Berry Corporation is filing a post-effective amendment to its Form S-3 registration statement to remove from registration all shares of common stock that were previously registered for resale but remain unsold. This amendment also terminates the effectiveness of that registration statement.
How many Berry Corporation shares were originally covered by the resale registration?
The registration statement had related to the resale by named selling stockholders of up to 46,833,346 shares of Berry Corporation’s common stock, each share having a par value of $0.001.
Why is Berry Corporation deregistering these unsold shares?
Berry is deregistering the unsold shares because, as a result of a merger completed on December 18, 2025, it has terminated all offerings of common stock under the registration statement and is now a direct, wholly owned subsidiary of California Resources Corporation.
What merger affected Berry Corporation’s registration statement?
Under an Agreement and Plan of Merger, Dornoch Merger Sub, LLC, a direct, wholly owned subsidiary of California Resources Corporation, merged with and into Berry Corporation, with Berry surviving as a direct, wholly owned subsidiary of California Resources.
Does this amendment register new securities for Berry Corporation (BRY)?
No. This post-effective amendment does not register new securities.

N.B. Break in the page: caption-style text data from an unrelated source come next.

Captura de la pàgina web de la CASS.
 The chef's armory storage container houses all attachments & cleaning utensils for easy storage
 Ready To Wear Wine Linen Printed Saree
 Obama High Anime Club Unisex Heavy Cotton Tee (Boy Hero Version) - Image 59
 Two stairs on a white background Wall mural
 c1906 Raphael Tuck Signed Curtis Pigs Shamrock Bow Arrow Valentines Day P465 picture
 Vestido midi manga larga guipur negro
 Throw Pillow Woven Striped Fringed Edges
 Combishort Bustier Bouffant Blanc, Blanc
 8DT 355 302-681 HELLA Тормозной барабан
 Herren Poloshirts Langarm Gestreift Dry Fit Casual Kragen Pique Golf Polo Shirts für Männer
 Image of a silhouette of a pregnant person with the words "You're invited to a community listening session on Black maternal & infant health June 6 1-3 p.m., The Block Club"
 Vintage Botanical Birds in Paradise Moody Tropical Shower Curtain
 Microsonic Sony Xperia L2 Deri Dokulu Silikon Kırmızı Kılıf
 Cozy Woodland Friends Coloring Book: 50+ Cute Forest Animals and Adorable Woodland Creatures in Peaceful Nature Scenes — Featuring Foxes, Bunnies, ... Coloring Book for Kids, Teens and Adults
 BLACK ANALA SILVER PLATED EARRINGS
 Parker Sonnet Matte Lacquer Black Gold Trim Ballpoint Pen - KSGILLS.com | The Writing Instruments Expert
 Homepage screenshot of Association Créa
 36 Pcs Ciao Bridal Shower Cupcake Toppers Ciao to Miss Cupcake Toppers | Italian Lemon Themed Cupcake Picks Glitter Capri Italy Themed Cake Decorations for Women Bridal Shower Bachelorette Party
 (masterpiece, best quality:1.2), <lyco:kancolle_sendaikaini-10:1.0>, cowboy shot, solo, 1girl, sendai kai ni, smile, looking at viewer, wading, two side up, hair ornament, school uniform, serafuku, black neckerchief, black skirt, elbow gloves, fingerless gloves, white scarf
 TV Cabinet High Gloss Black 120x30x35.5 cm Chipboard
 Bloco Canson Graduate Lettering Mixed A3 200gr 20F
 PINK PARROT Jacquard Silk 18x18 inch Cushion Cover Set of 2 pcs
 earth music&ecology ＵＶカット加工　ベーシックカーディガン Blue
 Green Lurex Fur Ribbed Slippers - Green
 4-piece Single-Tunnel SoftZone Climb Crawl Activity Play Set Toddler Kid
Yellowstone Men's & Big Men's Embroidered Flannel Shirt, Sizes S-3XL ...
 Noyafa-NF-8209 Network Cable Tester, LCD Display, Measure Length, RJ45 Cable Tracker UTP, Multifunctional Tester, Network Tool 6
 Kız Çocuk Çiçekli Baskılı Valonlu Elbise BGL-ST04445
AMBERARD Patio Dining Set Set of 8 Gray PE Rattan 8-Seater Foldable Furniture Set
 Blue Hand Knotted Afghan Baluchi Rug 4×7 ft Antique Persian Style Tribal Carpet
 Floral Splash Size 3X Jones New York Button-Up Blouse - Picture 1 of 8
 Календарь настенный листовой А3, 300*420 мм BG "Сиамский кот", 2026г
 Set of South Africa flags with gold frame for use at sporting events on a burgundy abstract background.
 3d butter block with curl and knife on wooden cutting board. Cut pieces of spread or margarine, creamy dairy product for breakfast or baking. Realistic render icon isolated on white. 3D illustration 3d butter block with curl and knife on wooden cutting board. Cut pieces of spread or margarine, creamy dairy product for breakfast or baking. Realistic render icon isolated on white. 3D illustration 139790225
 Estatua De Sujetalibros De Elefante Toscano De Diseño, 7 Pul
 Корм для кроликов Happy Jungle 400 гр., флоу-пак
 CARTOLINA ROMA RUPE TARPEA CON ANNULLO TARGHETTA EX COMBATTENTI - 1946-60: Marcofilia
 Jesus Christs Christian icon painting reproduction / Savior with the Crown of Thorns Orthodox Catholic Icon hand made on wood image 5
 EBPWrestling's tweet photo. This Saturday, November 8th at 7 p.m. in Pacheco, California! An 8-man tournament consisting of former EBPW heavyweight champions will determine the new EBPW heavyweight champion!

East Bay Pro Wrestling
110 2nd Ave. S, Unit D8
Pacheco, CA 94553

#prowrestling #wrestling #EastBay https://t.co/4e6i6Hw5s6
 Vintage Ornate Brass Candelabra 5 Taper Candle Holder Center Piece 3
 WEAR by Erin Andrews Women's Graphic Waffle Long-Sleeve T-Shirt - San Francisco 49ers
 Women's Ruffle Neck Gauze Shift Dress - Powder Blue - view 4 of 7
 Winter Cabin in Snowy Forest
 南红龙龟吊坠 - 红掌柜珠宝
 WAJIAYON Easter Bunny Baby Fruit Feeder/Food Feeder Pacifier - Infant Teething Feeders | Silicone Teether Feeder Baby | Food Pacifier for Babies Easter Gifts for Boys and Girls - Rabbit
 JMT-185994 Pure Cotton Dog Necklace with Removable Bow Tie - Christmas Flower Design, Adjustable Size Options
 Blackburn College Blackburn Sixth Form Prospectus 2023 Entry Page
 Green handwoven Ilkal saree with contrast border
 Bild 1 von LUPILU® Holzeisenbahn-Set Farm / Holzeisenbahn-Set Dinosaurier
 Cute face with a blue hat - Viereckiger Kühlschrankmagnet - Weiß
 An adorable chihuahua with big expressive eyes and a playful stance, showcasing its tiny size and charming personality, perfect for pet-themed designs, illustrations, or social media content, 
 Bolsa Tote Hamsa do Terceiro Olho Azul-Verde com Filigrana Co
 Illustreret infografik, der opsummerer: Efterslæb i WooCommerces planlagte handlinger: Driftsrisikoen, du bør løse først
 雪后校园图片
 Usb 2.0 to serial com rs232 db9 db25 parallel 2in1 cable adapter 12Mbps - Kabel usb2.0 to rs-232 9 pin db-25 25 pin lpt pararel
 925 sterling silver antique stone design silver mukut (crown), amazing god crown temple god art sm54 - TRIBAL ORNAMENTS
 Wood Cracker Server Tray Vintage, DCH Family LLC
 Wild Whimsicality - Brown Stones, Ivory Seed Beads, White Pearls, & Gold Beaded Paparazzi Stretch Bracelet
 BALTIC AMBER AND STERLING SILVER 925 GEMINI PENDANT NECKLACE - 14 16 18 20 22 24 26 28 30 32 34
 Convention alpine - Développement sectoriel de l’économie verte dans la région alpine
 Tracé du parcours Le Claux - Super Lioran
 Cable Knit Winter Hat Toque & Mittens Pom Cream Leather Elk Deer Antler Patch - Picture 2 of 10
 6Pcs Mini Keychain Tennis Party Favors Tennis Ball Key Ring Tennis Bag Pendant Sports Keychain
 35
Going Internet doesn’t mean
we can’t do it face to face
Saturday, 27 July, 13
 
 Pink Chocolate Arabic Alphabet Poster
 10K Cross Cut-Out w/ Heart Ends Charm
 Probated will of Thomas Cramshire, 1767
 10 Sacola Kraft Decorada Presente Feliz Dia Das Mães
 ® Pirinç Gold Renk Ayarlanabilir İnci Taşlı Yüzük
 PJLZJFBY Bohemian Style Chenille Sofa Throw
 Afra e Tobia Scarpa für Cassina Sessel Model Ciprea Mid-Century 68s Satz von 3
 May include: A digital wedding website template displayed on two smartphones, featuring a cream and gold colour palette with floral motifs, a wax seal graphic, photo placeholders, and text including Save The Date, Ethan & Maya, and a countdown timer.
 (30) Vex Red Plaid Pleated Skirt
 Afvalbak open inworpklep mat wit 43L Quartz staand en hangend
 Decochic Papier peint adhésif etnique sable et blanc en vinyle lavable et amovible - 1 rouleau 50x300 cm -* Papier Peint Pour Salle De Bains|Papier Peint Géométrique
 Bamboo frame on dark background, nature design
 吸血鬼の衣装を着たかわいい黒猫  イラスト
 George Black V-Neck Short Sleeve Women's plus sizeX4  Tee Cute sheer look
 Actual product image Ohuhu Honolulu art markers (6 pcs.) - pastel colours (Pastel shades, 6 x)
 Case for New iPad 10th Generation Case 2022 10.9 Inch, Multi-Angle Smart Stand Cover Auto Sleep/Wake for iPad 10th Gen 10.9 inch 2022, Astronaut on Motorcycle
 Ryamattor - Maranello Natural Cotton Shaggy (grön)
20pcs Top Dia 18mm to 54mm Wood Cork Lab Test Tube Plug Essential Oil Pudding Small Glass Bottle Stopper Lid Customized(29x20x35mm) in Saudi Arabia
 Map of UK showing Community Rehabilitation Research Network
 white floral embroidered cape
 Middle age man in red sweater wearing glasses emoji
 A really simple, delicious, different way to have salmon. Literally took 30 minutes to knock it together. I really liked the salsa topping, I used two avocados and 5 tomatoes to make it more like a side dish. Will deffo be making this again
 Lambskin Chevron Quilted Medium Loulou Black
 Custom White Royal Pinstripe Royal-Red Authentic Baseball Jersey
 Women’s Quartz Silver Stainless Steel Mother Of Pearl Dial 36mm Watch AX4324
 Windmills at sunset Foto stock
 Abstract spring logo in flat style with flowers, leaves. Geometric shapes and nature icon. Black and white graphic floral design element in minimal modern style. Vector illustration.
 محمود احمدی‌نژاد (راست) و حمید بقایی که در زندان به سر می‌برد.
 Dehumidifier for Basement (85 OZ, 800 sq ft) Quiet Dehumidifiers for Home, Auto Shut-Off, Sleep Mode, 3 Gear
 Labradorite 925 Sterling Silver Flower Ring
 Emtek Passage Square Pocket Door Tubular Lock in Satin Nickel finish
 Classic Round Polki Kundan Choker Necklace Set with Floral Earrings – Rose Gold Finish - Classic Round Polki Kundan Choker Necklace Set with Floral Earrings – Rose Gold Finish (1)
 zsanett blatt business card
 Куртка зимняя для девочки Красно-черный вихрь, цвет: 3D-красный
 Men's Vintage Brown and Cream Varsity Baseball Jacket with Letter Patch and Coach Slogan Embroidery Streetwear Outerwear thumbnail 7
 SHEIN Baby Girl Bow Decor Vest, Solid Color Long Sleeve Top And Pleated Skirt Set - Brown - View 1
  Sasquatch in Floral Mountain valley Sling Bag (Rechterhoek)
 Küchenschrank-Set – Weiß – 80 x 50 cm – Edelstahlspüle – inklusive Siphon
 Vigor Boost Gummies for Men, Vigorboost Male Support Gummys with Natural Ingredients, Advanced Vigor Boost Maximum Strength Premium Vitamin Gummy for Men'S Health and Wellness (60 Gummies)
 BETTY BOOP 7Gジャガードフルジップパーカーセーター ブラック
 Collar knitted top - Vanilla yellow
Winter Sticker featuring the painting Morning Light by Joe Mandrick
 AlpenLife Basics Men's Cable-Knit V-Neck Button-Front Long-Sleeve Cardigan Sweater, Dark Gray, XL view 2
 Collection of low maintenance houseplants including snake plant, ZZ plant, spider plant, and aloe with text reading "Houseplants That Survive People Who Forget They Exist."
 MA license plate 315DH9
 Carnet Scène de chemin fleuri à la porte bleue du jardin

Instead, it removes from registration all shares of common stock that were previously registered for resale and remain unsold and terminates the effectiveness of the existing registration statement.
Who signed the post-effective amendment for Berry Corporation?
The amendment was signed on behalf of Berry Corporation by Michael L. Preston, who serves as Executive Vice President, Chief Strategy Officer and General Counsel.